We’ve been brooding lately on the subject of free will and determinism. For tonight, just a few brief remarks; more to come shortly.
Everybody wants free will, of course, but the notion itself is one of those things that look clear enough from a distance, but get harder to make out the closer you look. What is a “free” choice, anyway? Apparently the key notion is that not have been caused. Is this really what we want? Let’s say I am presented with a choice to make: say, whether to put my paycheck in the bank or buy some crack.
How am I to proceed? I could simply flip a coin, or if that’s still too deterministic, I could rig up a truly random device that would, say, count how many ticks a piece of radium makes in a Geiger counter in the space of a minute, with an odd number being heads, and an even number tails.
This is hardly what we want, though; a random choice takes none of our own interests into account. Sure, a crack binge might be fun, but we have all sorts of things to consider: our financial responsibilities, the danger of being caught, the risks to health and reputation, and so forth. We must take all of this into account as we decide.

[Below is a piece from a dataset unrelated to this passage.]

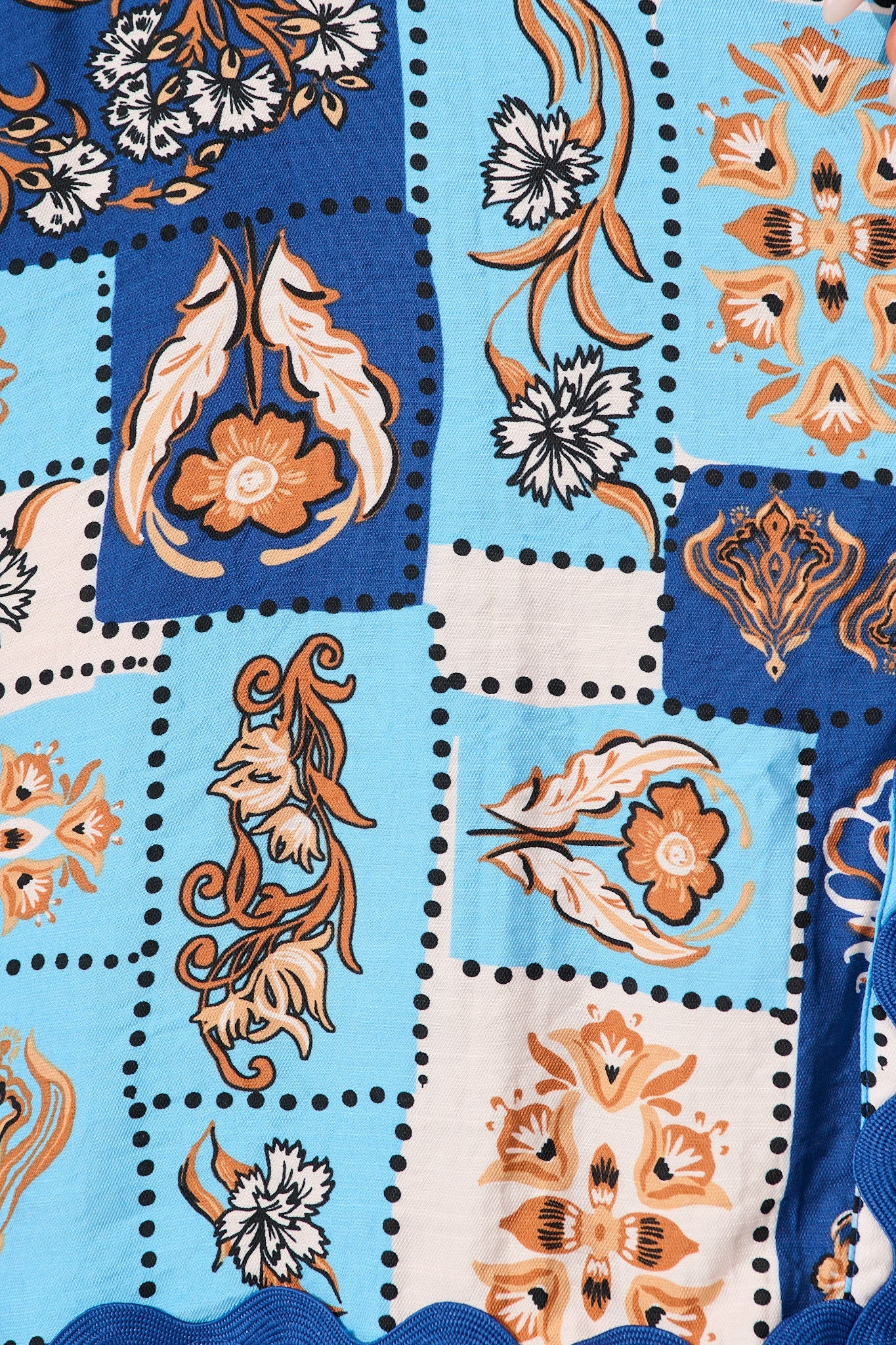 Amico Dress in Blue with Brown Patchwork Print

Fortunately, that’s not a problem. We have all sorts of knowledge, opinions, affections, aversions, beliefs, memories, and dispositions at our disposal to bring to bear on the problem. We want all of these to be weighed carefully in the balance, and indeed they will be.
But once we’ve consulted all of these resources, and sought the counsel, as it were, of our Cabinet, there still comes the moment of choice, that place where the decision has to happen. In our interval of deliberation, we have managed to put ourselves into well-informed state regarding the pros and cons of the options before us, and about which of those options might be most congruent with our personality and our goals; it would not be unreasonable, then, to hope that our decision would be the result of this careful deliberative work.
According to prevailing sentiment, however, it seems this might not be enough. We require, it appears, that even after all this effort our decision must still, somehow, be independent of the effort we’ve made: despite all that preparatory work, the choice must not be the causal result of any cognitive state that we’ve got ourselves into.
But if the choice is not random, and is not caused by our state immediately prior to the decision, then it seems only fair to ask: where does it come from? What can tip the balance one way or the other? What makes the final call? If the choice can still go either way regardless of our state in the previous instant — in other words, we insist that it is causally isolated from our deliberations — then in what sense can we even regard it as ours?